Return, word for word, only the lines of the data below that lie between the line with "DIJUAL RUMAH HOEK" and the line with "Пленарное заседание VI", those two lines included.

◆ RECORDED DATA ◆
┌──
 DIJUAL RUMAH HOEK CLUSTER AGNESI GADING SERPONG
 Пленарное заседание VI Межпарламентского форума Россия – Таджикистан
└──
┌──
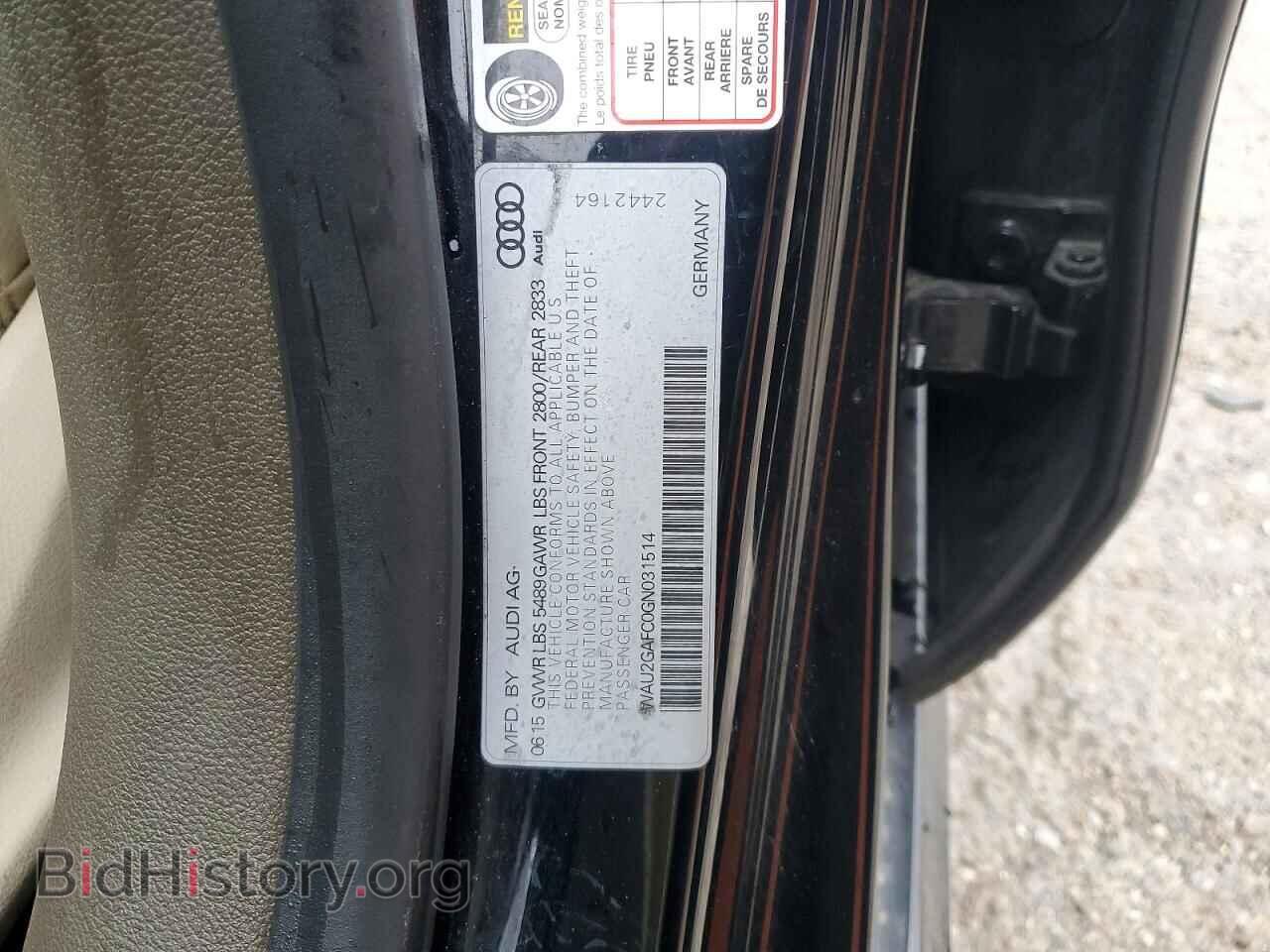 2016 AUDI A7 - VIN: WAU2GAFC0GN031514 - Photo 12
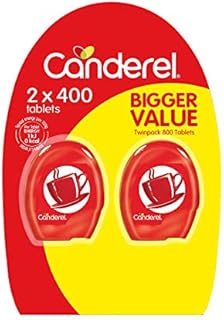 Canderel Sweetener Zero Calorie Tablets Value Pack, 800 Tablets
└──
◆ ANSWER BELOW ◆
 DIJUAL RUMAH HOEK CLUSTER AGNESI GADING SERPONG
 Пленарное заседание VI Межпарламентского форума Россия – Таджикистан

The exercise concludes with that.